Return only what runs from the line containing "TetraFin Floating Variety" through the last line of the entries below, exactly, omitting pictures.

◆ **Short text fragments from websites**
○ ○ ○ ○

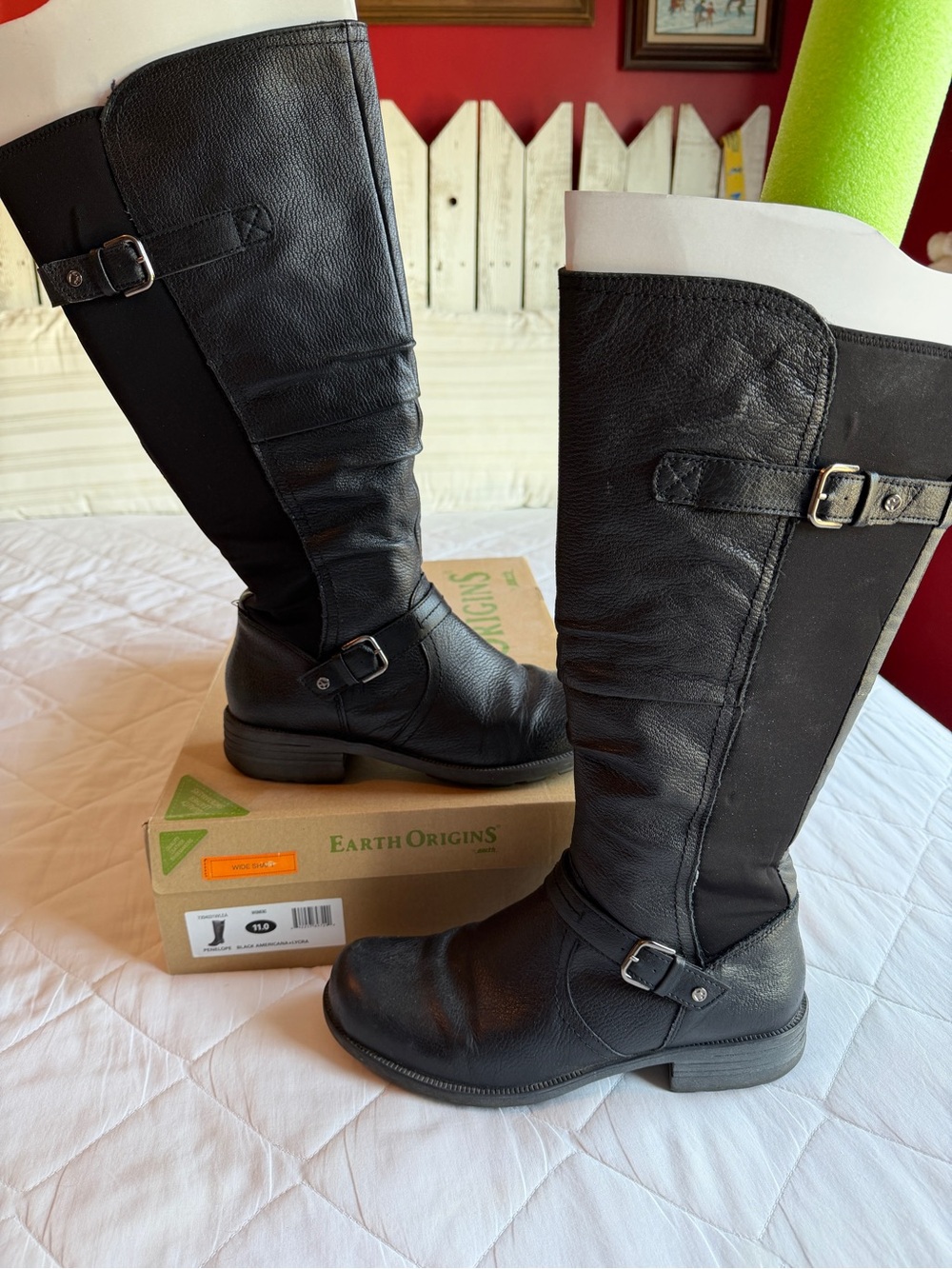 Earth Origins Women’s Black Tall Wide Calf Boots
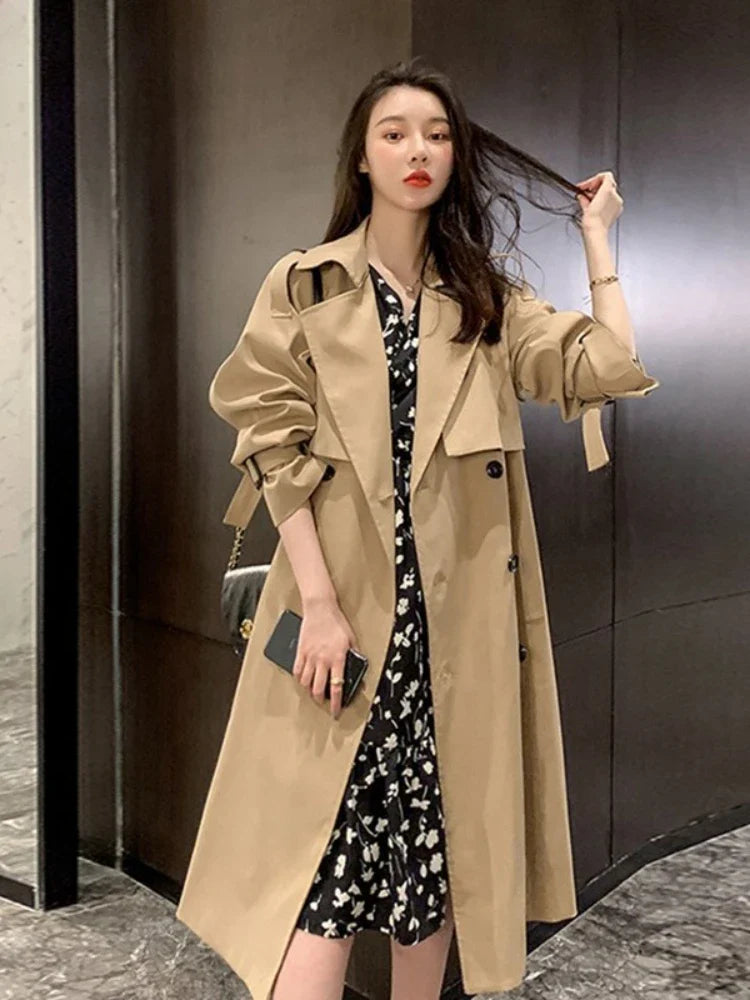Yvette - Elegant Windbreaker Coat til Kvinder-Modiva
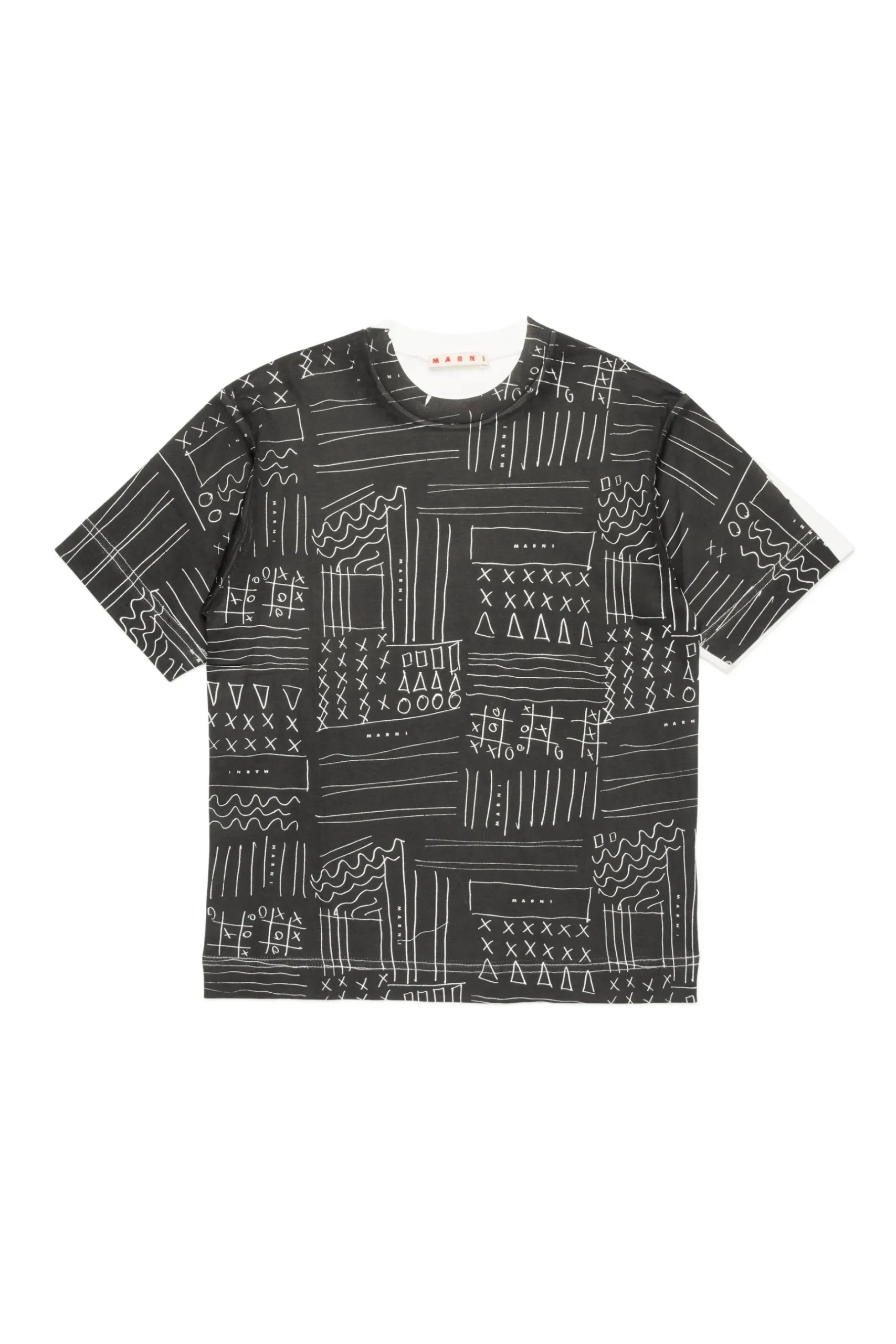MARNI T-shirt con grafica Black Board | Bambino T-Shirts | T-Shirts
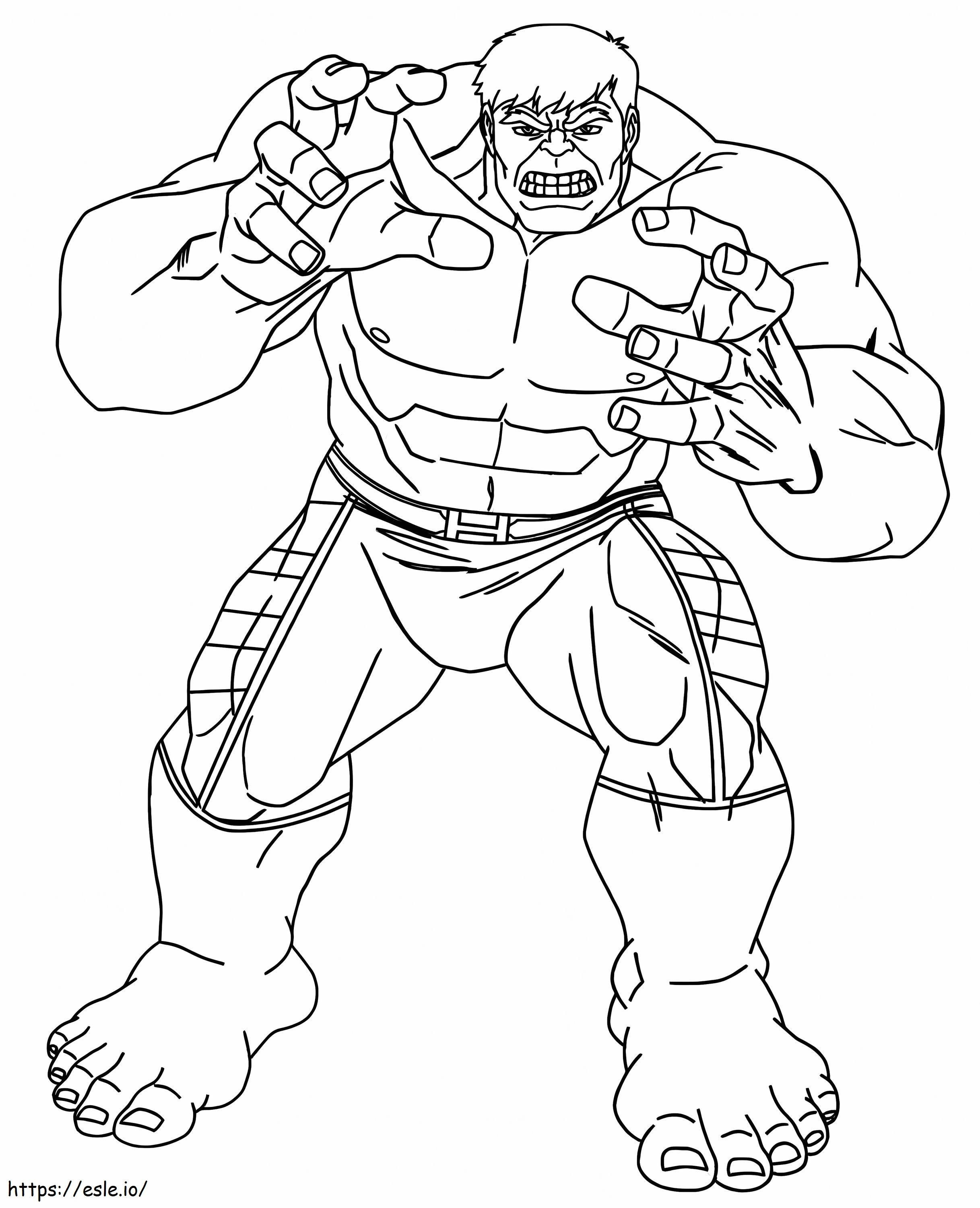 Coloriage Hulk Normal à imprimer dessin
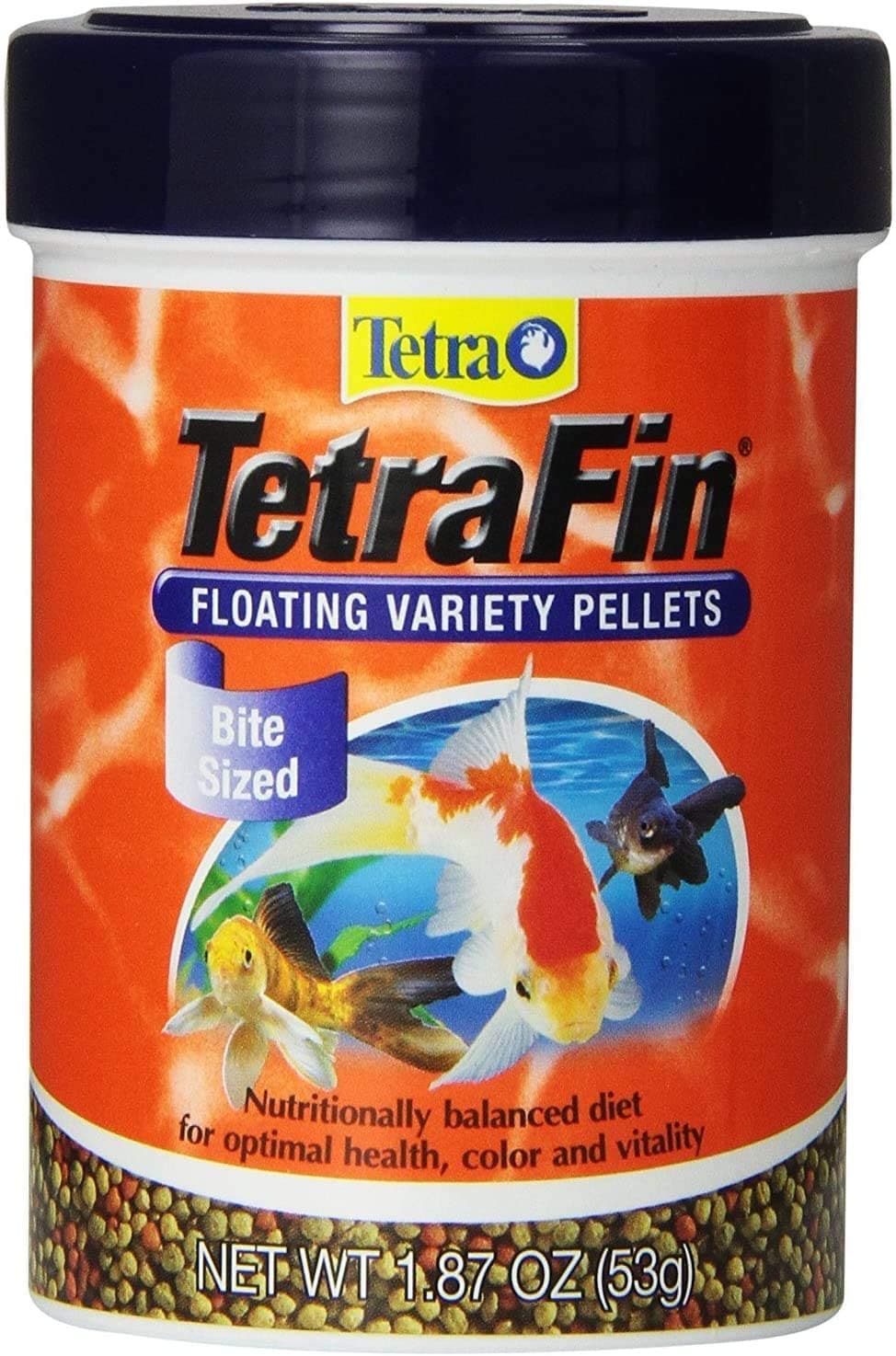 TetraFin Floating Variety Pellets 1.87 oz, 185 ml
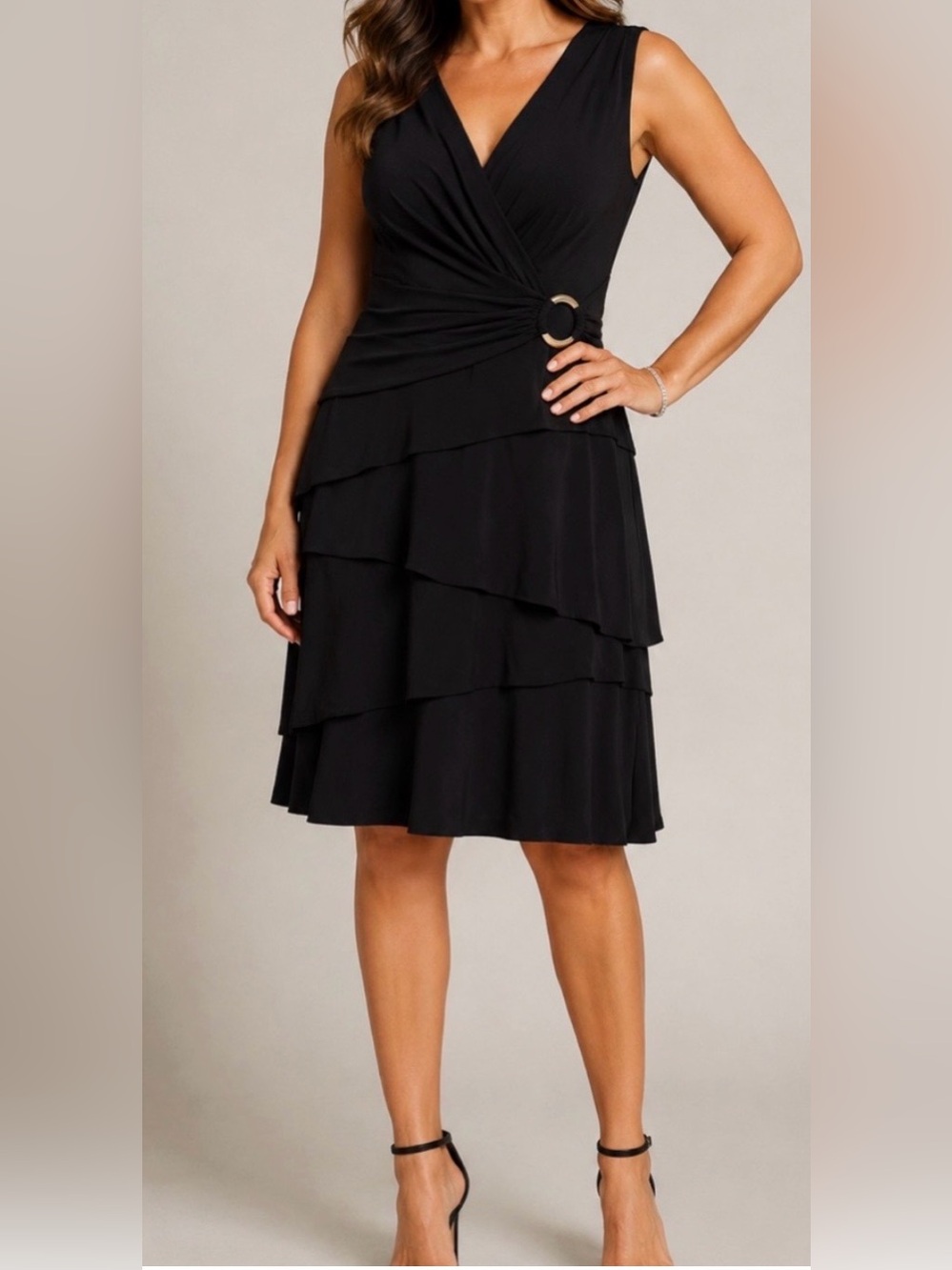 White House Black Market Instantly Slimming Tier Dress with Side Ring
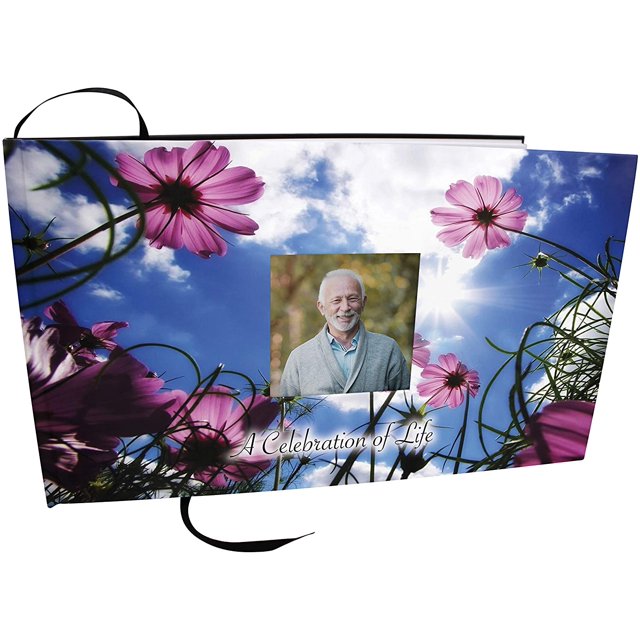 Morning Glories Matching Themed 'Celebration of Life' Guest Book for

○ ○ ○ ○

◆ **Response for this exercise**
 TetraFin Floating Variety Pellets 1.87 oz, 185 ml
 White House Black Market Instantly Slimming Tier Dress with Side Ring
 Morning Glories Matching Themed 'Celebration of Life' Guest Book for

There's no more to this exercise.